Մատչելիության հղումներ

(Saturday, November 26)

“Hraparak” ridicules claims by the ruling Republican Party of Armenia (HHK) that as many as 7,000 people have decided to follow Prime Minister Karen Karapetian’s example and join the HHK. “Clearly, the purpose [of the claims] is to put psychological pressure on the public and voters and create a legend about the HHK’s power and army of followers which is very far from reality,” writes the paper. It says that the HHK is thus telling Armenians that it cannot be removed from power. “It’s a pity that opposition spin doctors are not just as strong and cannot counter this tactic and debunk the Republican myth.”

“Zhamanak” comments on utility regulators’ decision on Friday to cut the retail prices of natural gas in Armenia. The paper speculates that the move may be aimed at offsetting what it calls a negative public reaction to Karapetian’s decision to join the HHK. “The publicly undoubtedly had no great expectations from the work of the prime minister because it is well aware that he is not the main decision maker,” it says. “Therefore his membership in the HHK will not have an in-depth impact on the situation and will hardly affect public opinion in a way that could be fateful for Karen Karapetian.”

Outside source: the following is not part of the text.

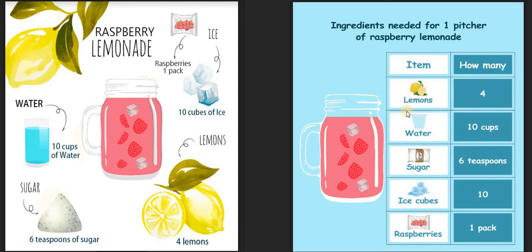Let us start with the first ingredient. The first ingredient is lemon. How many of those lemons do we need? We need four lemons. Let us do the next ingredient — water. We need 10 cups of water.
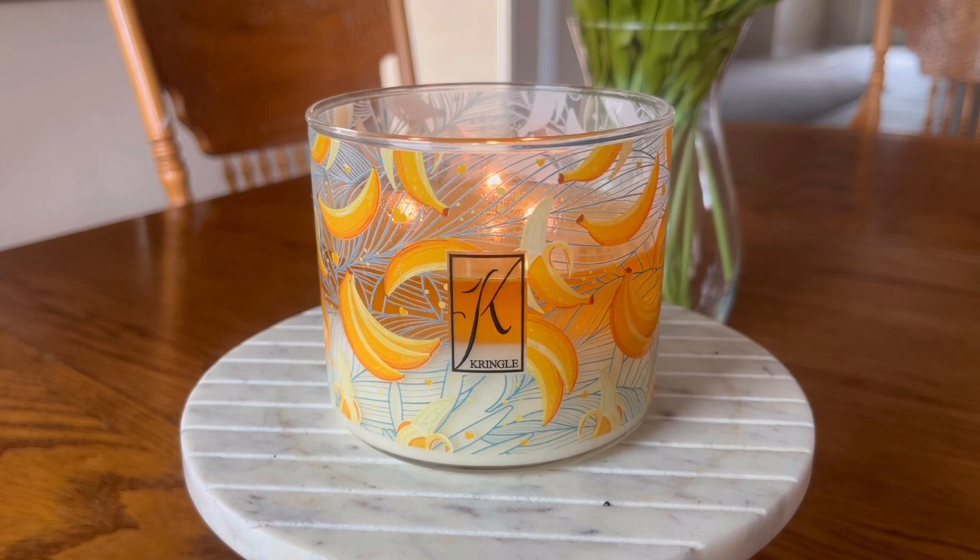The other formats this candle comes in: it also comes in the large two-wick tumblers, the medium sized two-wick tumblers, and it will also be available in the daylight and the wax melts. Something I've been talking about with some of the other Kringle ambassadors — some of them are smelling a little bit different notes in their formats, and we have come to the conclusion that it's because the daylights and the wax melts are in a paraffin formula still. So just be aware: this is a 100% soy wax formula in the actual candle vessels, but the wax melts and daylights have not yet been moved over into a 100% soy wax.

“Zhoghovurd” reports on Sarkisian’s recent interview with Russian state television in which he admitted that the Armenian side was ready, in principle, to withdraw from all seven districts around Nagorno-Karabakh full or partly controlled by it. The president said that Armenia and Azerbaijan were close to signing such a peace deal on a number of occasions. He also implied that Yerevan remains committed to resuming negotiations with Baku on this peace formula. “Thus Sarkisian once again made clear that the Armenian side is ready for a Karabakh settlement requiring the surrender of all seven districts,” concludes the paper.

“Haykakan Zhamanak” says that in its budget proposal submitted to parliament the Armenian government failed to clearly explain the sources of extra tax revenue which it expects to collect next year. The paper claims that the State Revenue Committee (SRC) will be forcing businesses to inflate wages paid by them and thereby pay more employee income taxes. “In theory, this could temporarily increase budgetary revenues,” it says. “But in the longer run, it will lead to higher unemployment and a reduction in the number of those who pay income tax.”